Sunday, May 31, 2009

Bali Days

UBUD, Bali, Indonesia-- "It is a truth universally acknowledged that a tourist on foot must be in want of a taxi."

OK, I didn't make it up; the line came from my husband after we had walked the main streets of Ubud for a while and had been asked hundreds of times by touts whether we needed transit. There cannot possibly be that many taxis in this relatively small town-- especially since the locals (grannies and kids included) all seem to use motor scooters for transportation. On very narrow paths.

Aside from that, though, Ubud is indeed a lovely spot, tucked up in the hills, surrounded by rice paddies and studded with temples. While the temples look ancient, they all seem to have fresh offerings each morning.

As I began composing this, I was sitting in a little internet cafe, watching the sacred monkeys from the adjoining sacred monkey forest as they climbed along the top of a fence. They come right up to humans, trying to steal food. They play out in the middle of the road, fearing not even the scooters. I guess that's an upside to being sacred.

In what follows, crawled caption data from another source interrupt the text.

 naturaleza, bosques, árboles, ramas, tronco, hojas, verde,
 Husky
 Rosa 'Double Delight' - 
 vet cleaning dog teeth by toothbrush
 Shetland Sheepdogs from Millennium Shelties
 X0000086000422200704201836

(That computer crashed, so I have moved down the street to a computer with what I suspect is a slower connection. It's in the peaceful outdoor lobby of our hotel, the Saren Indah. Local gamelan music--which is trance-inducing--is playing. So I'll type fast.)

Last night, we went to view a traditional Balinese dance performance. The sounds and movements are hypnotic, even though as a westerner, I wasn't familiar enough with the basic story to follow all the action. (Good and evil battled; good won.) I did, however, recognize Haruman, the monkey god. He was on the side of good, along with his monkey army. Considering how fearless monkeys can be, it helps to have them on your side, it seems.

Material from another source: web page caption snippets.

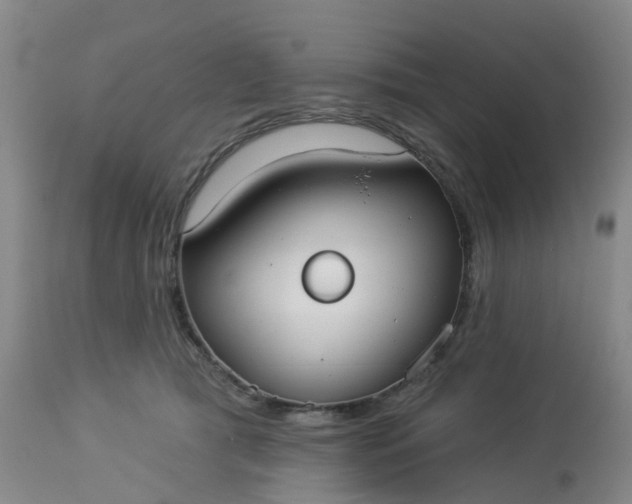 X0000113080417200909111008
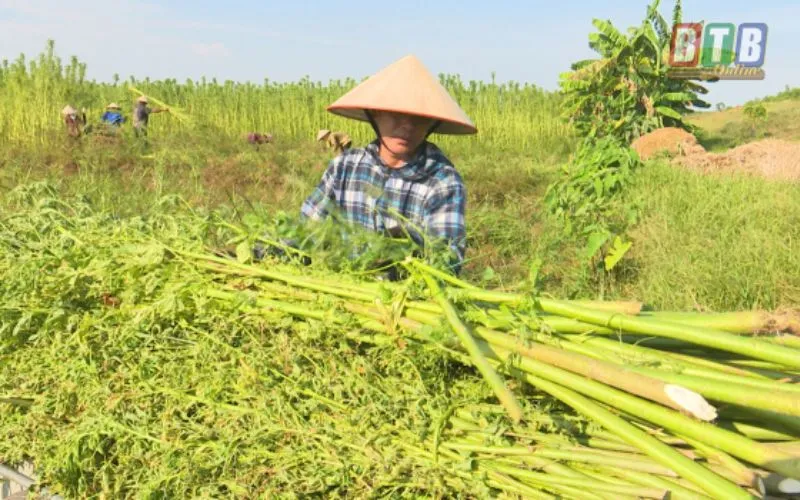 Sợi Đay Thô Tự Nhiên Đa Năng, Độ Bền Vượt Trội Các công đoạn tách sợi và chế biến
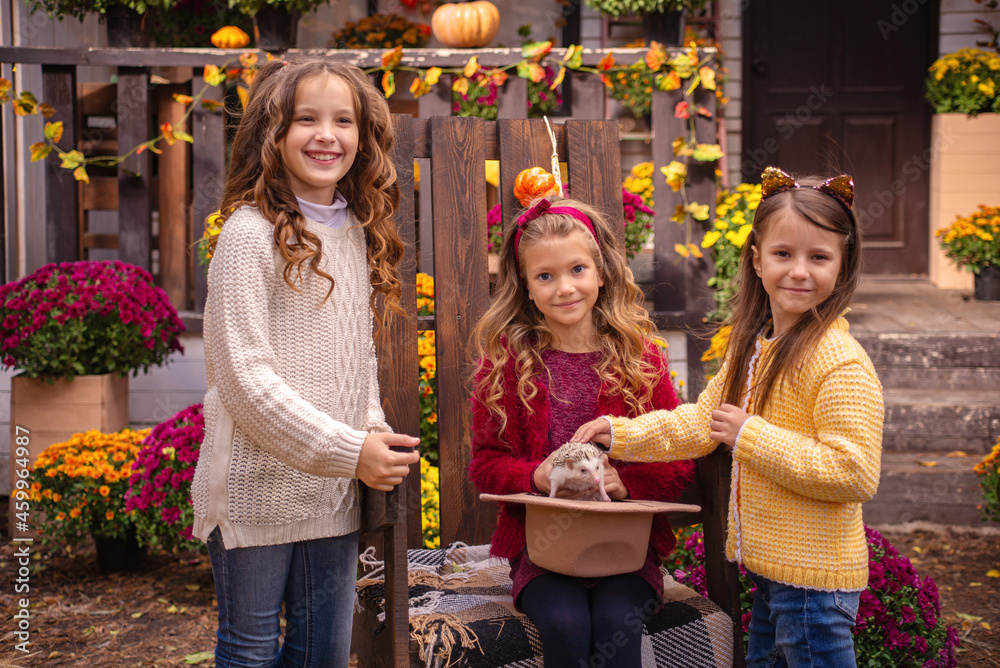 Obraz premium cute little girls play with a hedgehog on a bench in autumn. happy childhood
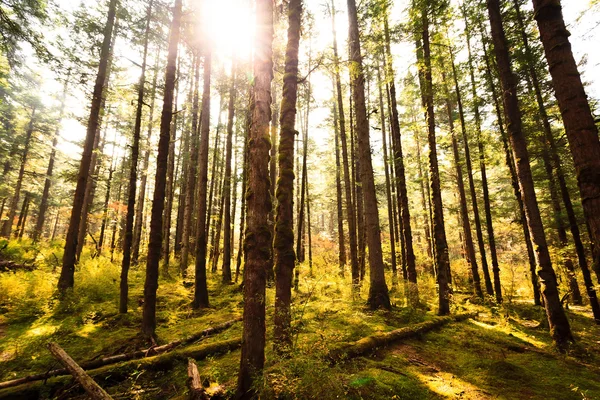 Forest trees — Stock Photo, Image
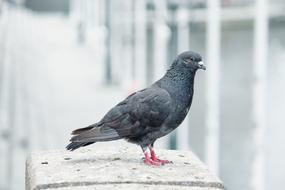 wild pigeon on a white fence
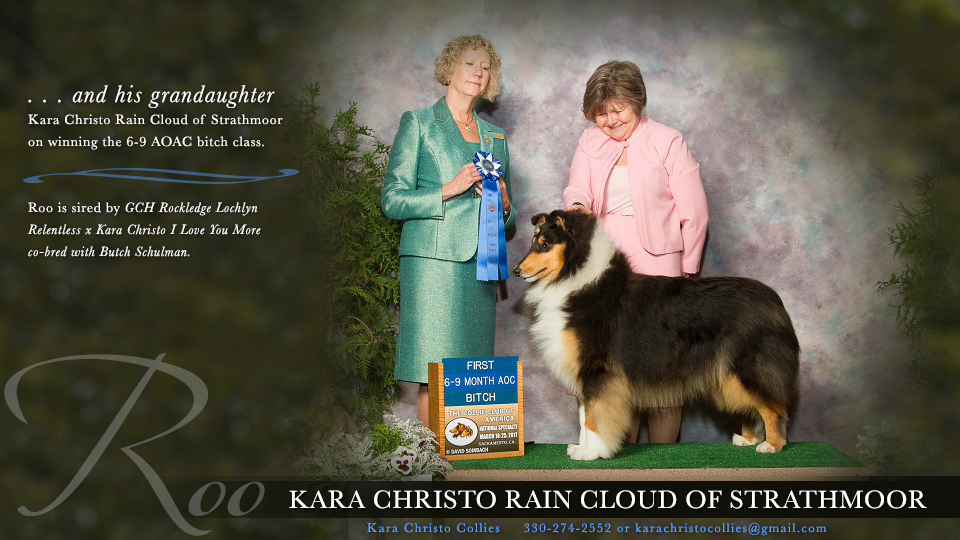 Kara Christo Collies -- Kara Christo Rain Cloud Of Strathmoor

This morning, while Keating went on a birdwatching hike, I took a cooking class where we made Balinese-style chicken salad; chicken curry; nari goreng, which is a type of fried rice with a distinctive Balinese taste; sweet-and-sour shrimp and black rice pudding. My two classmates were Japanese women who didn't speak English, so we nodded and smiled a lot as we chopped vegetables. But it all tasted right when we finished, so I guess that didn't matter.

(We have spectacular photos of Ubud and especially of the dance performance, but they will have to await a faster computer connection.)